ABOUT THIS TASK.
The full listing should be set down again without a single alteration.
(Beginning of WORKING DATA)
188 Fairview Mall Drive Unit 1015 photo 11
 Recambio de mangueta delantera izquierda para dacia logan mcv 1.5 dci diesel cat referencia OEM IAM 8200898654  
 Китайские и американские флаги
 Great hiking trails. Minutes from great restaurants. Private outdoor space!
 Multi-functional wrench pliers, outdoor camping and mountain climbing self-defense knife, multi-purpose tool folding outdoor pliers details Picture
(End of WORKING DATA)
FINAL ANSWER.
188 Fairview Mall Drive Unit 1015 photo 11
 Recambio de mangueta delantera izquierda para dacia logan mcv 1.5 dci diesel cat referencia OEM IAM 8200898654  
 Китайские и американские флаги
 Great hiking trails. Minutes from great restaurants. Private outdoor space!
 Multi-functional wrench pliers, outdoor camping and mountain climbing self-defense knife, multi-purpose tool folding outdoor pliers details Picture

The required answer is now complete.